Pero bueno, ni puedo hacer nada, ni creo tener el derecho de hacerlo, ya que no soy español, y si en realidad está en camino de desaparecer, ojalá que se tarde mucho.

Saludos.


----------



## Dudu678

Como bien te han dicho, en el habla coloquial se pierde esa _d_, pasando a usarse el infinitivo. Muy correcto no es, pero ya hemos asumido que la gente habla así.
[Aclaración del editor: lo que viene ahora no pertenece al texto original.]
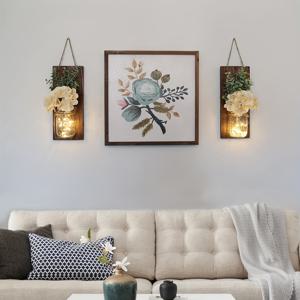 TEMU 2개 메이슨 자 스콘스 벽 장식, 수제 소박한 벽 스콘스 꽃, 농가 주방 장식 벽 장식을 위한 메이슨 자 매달기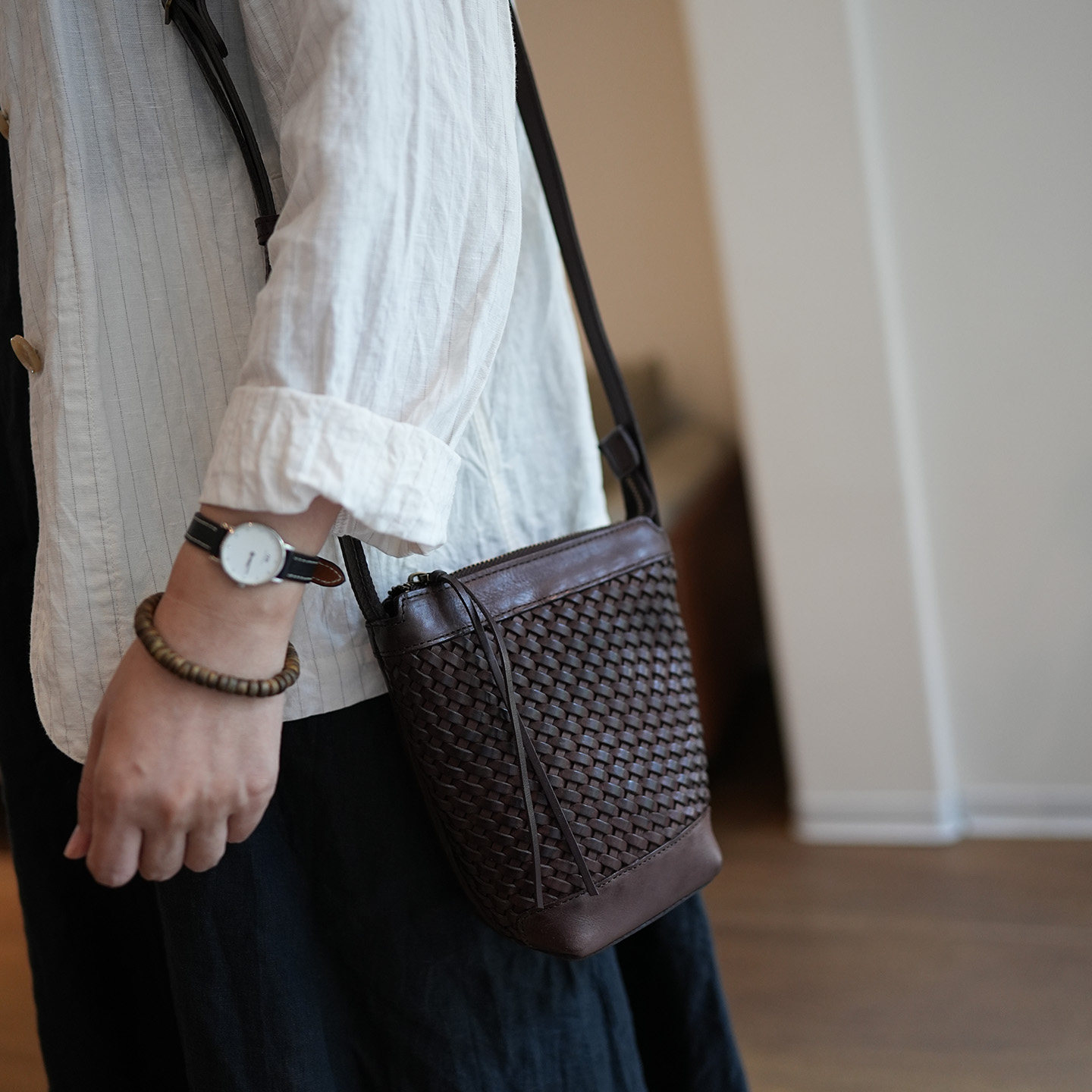 鹿小姐简约复古法式植鞣牛皮编织水桶包真皮百搭时尚单肩斜挎女包,箱包皮具/热销女包/男包,水桶包,淘宝优惠券,粉丝福利购,淘宝优惠卷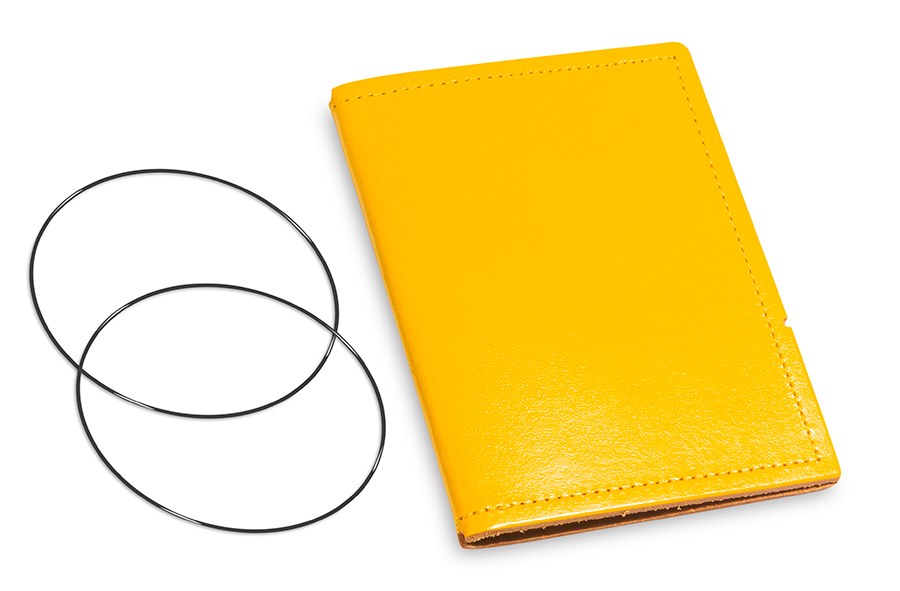 A7 Cover for 1 inlay, leather smooth yellow incl. ElastiXs (L70)
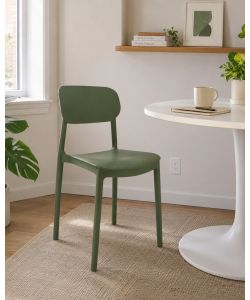 Sedia Impilabile in Polipropilene Verde Scuro h 75,5 cm Design Moderno - Mood Domo Mea
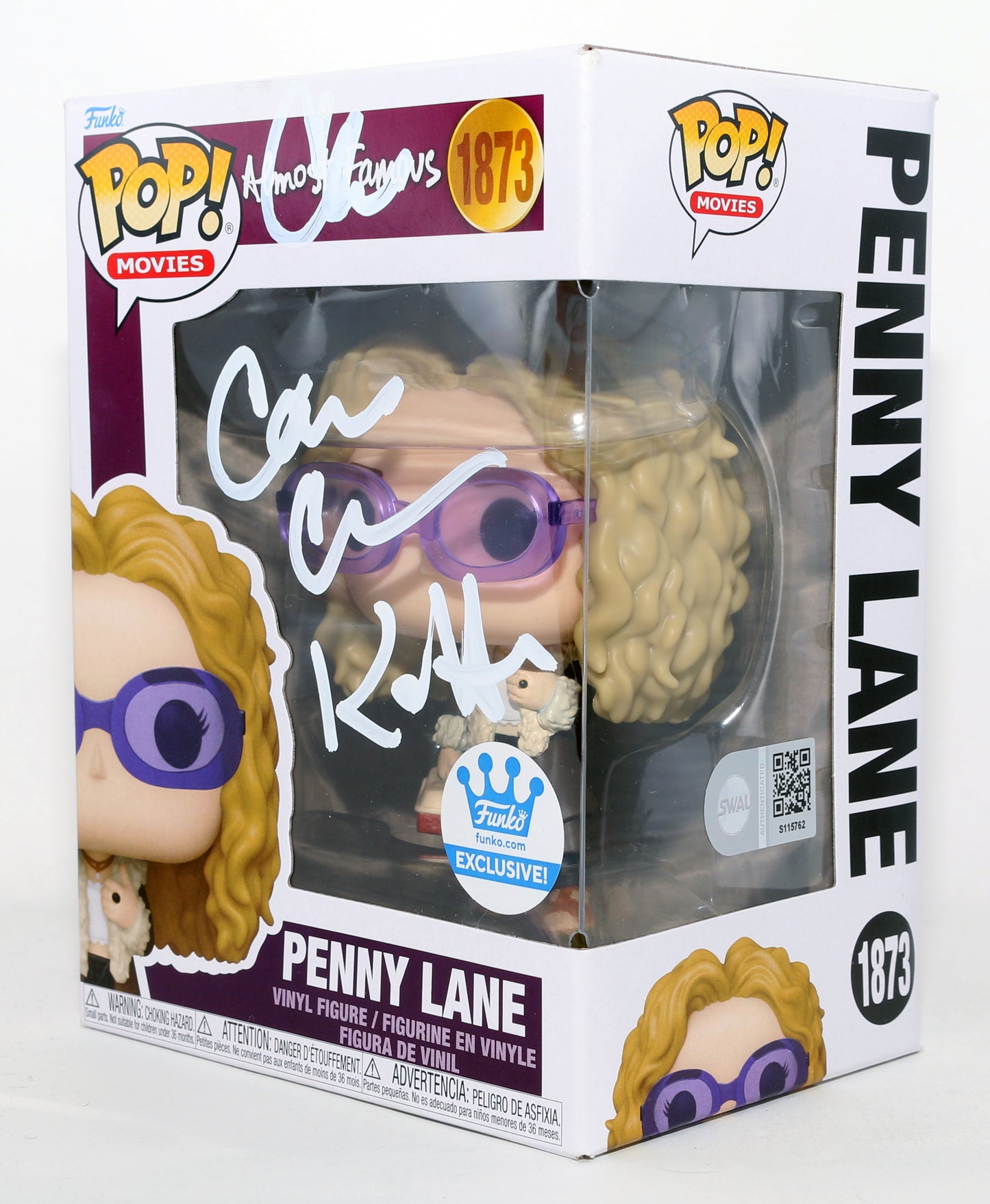 
                  
                    Kate Hudson as Penny Lane & Director Cameron Crowe in Almost Famous Funko Store Exclusive (SWAU) Signed Funko POP! #1873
Es una lástima... lo peor es que hay incluso personas que desconocen la forma correcta.


----------



## lamartus

Sí, es una pena, pero hay que seguir usándolo a ver si contagiamos a los que están a nuestro alrededor. 

Un saludo a todos.

Lamartus (que casi tienen dominado su leísmo gracias a estos foros)


----------



## horusankh

Gracias Dudu:

Pues sí, como dije al principio, incluso he notado que es común que se diga hasta por televisión, y contra eso es difícil luchar.

Saludos.


----------



## Cecilio

Yo pronuncio la "d" del imperativo plural y conozco a muchas personas que la pronuncian aquí en Valencia. Es cierto que se escucha muchas veces la terminación en "r" pero no creo que pueda considerarse un uso tan general.


----------



## Dudu678

Debe de ser por regiones. Aquí definitivamente mucha gente (yo diría mayoría) utiliza el infinitivo.


----------



## chaquira16

Hola a todos.
Se puede usar la forma del infinitivo para expresar mandato pero su construcción exige que le preceda una preposición:
¡A callar! ¡Niños: a dormir!
Es correcta , además de frecuente en nuestro idioma por estos pagos peninsulares.
Lo habitual en la lengua formal es Cállense, cállaos, además de las citadas, es decir con terminación  en -d.
Saludos
Carmen


----------



## Jellby

horusankh said:


> Hasta aquí todo bien, mi pregunta es que últimamente, cuando he ido a España, cuando han venido amigos de allá, y en los programas de televisión españoles que se ven por acá veo que usan el infinitivo como si fuera imperativo, es decir: "vamos, empeza*r* a comer antes de que se enfríe", "conta*r*me cómo os ha ido", "abriga*r*os, hace mucho frío", en lugar de "empeza*d*", "conta*d*me", "abrigaos". Y de hecho no creo haberlo oído ni una sola vez de la forma como pensaba que era correcta, y sin embargo, en el DRAE sigue apareciendo con "d" y no aparece con "r".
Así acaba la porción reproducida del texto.